Secretary of State Acheson had told the conference the previous day that a third of the industries in the Russian zone of Germany were owned by Russian trusts, with ninety percent of some key industries under Soviet control. The West wanted this grip loosened.

According to the British and American aides, their delegations were taken aback by the demands made by Mr. Vishinsky in the opening sessions of the conference, seen as a retreat to Potsdam in demanding a return to the Allied Control Council as a means of administrative oversight of the German government, rather than the Western-desired political and economic unity under the new West German constitution. The Russians opposed that latter form of government for the Soviet zone.

Atomic Energy Commission chairman David Lilienthal told Congressional investigators of the joint Senate-House Atomic Energy Committee that the AEC had cleared both Dr. Edward Condon and then UNC president, now Senator Frank Graham of North Carolina for secret work despite both receiving adverse recommendations on security clearance. Mr. Lilienthal stated that the Commission had overruled its security officer Admiral John Gingrich in only two cases which he could recall, those of Dr. Condon for clearance as head of the Bureau of Standards and Frank Graham to head the Oak Ridge, Tennessee, Institute of Nuclear Studies. The security advisory committee providing the adverse report on Mr. Graham was headed by former Supreme Court Justice Owen Roberts.

Senator Brien McMahon of Connecticut urged that Senator Graham should be afforded the right to appear before the Committee as long as his name had been dragged into the proceedings.

The object of the hearings was to investigate Senator Bourke Hickenlooper's charges of lapses of AEC security which had led to the provision of an AEC scholarship to a Communist graduate student at UNC and the disappearance of a small amount of U-235 from a Chicago laboratory. Senator Hickenlooper assured that he was not impugning the integrity or personal patriotism of Mr. Lilienthal, but rather was criticizing his policies.

Senator Harry Cain of Washington announced that he was proposing legislation to abolish the AEC and to entrust atomic energy instead to a board comprised of the secretaries of the armed forces and a scientist.

In response to the Hoover Commission Report, the President issued a statement to all executive departments and agencies asking whether they were doing the best possible job at the lowest cost. The President was urging Congress to give him authority to reorganize government based on the recommendations of the Commission.

The Federal Reserve Board reported that for the fifth straight month, industrial production had dropped.

Starting in 1950, the Congress would place all spending bills in a single omnibus appropriation bill rather than considering each agency appropriation separately as at present.

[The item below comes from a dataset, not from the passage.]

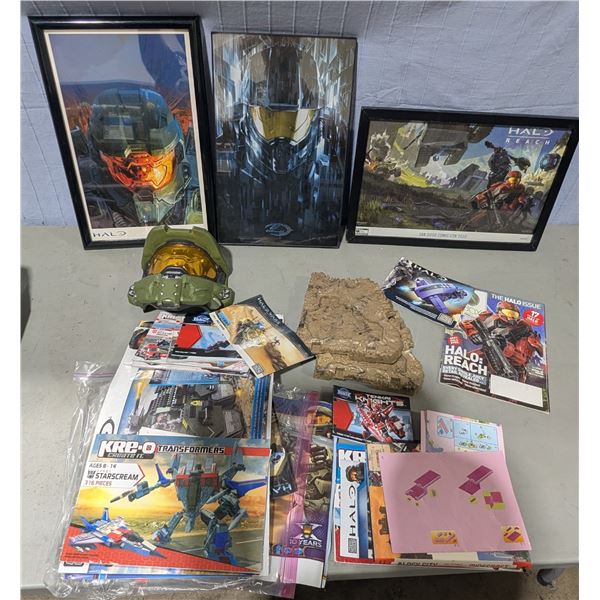 Halo Lot, Framed photos, Master Chief Mask, Assorted Manuals and instruction booklets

In Cedar Rapids, Iowa, the defense rested in the trial of the doctor accused of murdering his wife's paramour. His wife testified that she was not friendly with the man after he had plied her with alcohol and forcibly seduced her. Seven co-workers had testified for the prosecution that she had gone to see the victim several times after the alleged date of the forcible seduction. A boyhood acquaintance of the victim, an engineer, testified for the defense that he had a bad reputation for peacefulness. The defense claimed that the victim fought with the defendant and that the victim pulled a knife which wound up, in the course of the ensuing struggle, accidentally stabbing him to death. The prosecution claimed the doctor brought the knife to the scene, waited for the victim in his hotel room, and used it deliberately to stab the victim.

The doctor would be convicted of second degree murder, sentenced to 70 years in prison, and after his conviction would be affirmed on appeal in 1951, killed himself.

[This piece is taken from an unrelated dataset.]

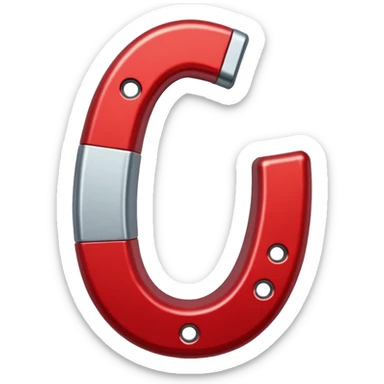 red horseshoe magnet sticker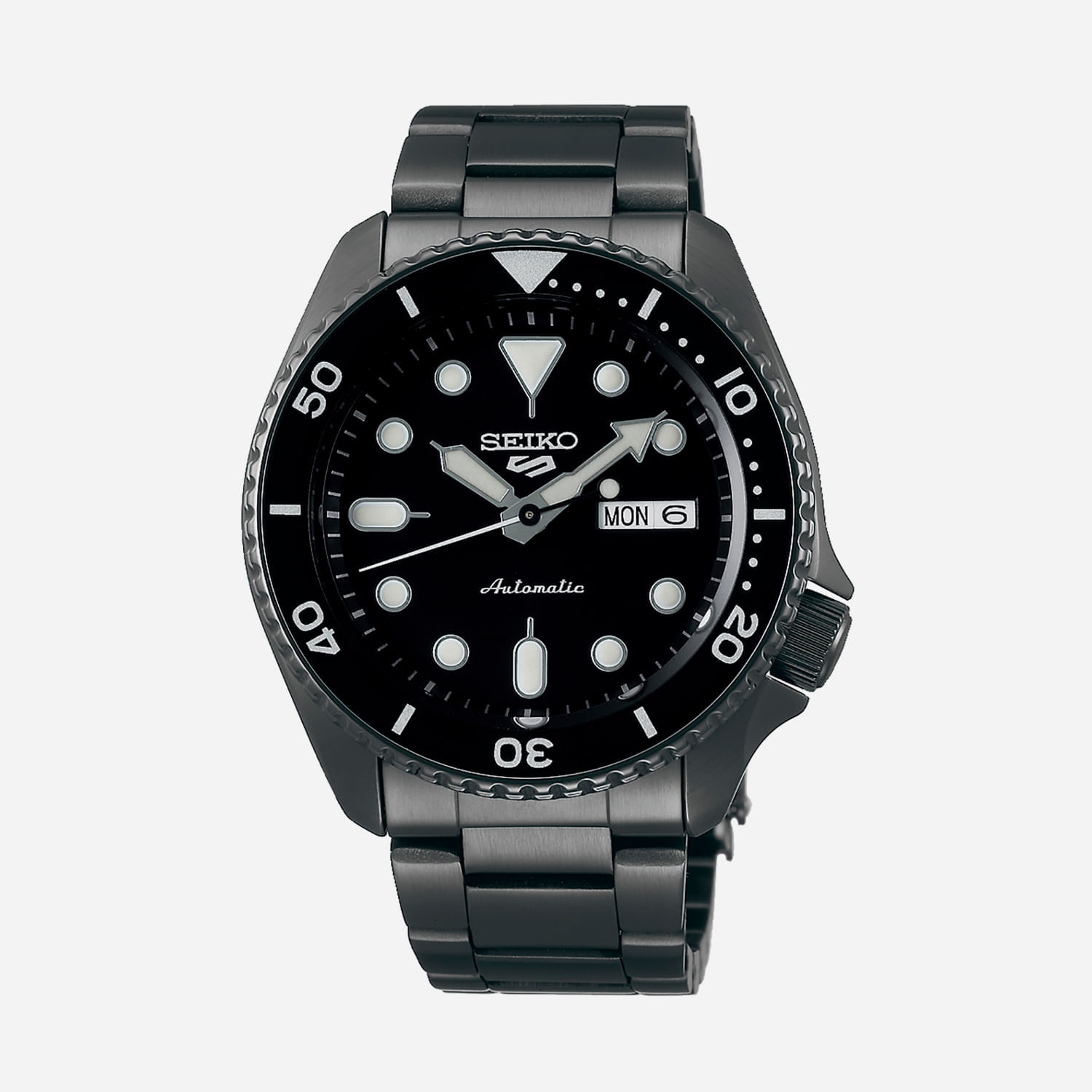 Relógio Seiko New 5 Sports Masculino em Aço Preto SRPD65B1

You don't want to miss a single thrilling moment of this unfolding drama in the life of others.

Dr. Ralph Bunche, U.N. mediator for Palestine, was named father of the year for his achievements as a mediator. Others honored included actor John Garfield, television commentator and columnist Ed Sullivan, Connie Mack for sports, Nelson Rockefeller for brotherhood, Herbert Hoover for government, Bernard Baruch for statesmanship, and Arthur Miller as a playwright, presumably for Death of a Salesman, winner of a 1949 Pulitzer Prize.

Donald McDonald of The News tells of cats in Mecklenburg County being persecuted and not receiving the same cordial treatment as dogs. But the Mecklenburg Humane Society came to pussy's aid whenever there was a cat-astrophe. The reason people hated cats, he posits, was: "The change from jungle cats, which used to cause such a cat-awampous in native villages, to domesticated pets has perhaps been too sudden. Almost cat-aclysmic, let's say." And he proceeds to cat-egorize cats, including cat-fish, cat-birds, catcalls and catsup, as well as the Catawba River, named for some cat.

Well, what would you say if you worked for a newspaper and they told you to go out and cover cats for a day? He probably needed to give that cat a tonic.

On page 13-A, three former News writers, former Editor and Associate Editor Burke Davis, presently with the Baltimore Evening Sun, John Harden, and Cam Shipp, former book-page editor who had been responsible for the original hiring of W. J. Cash as a weekly book reviewer before the latter was named Associate Editor in 1937, comment on books.

On the editorial page, "School Bond Issue—II" provides the primary arguments against the 25 million dollar school construction bond issue set for referendum on June 4. The principal problem was that the separate bill passed by the Legislature to appropriate 25 million dollars of additional money would give $250,000 to each of the state's 100 counties without regard to size or need and so would not actually do what the North Carolina Education Commission had recommended, provide a remedy with State money for lack of funds with which to build schools and improve education generally in the poorer counties, without adequate tax revenues.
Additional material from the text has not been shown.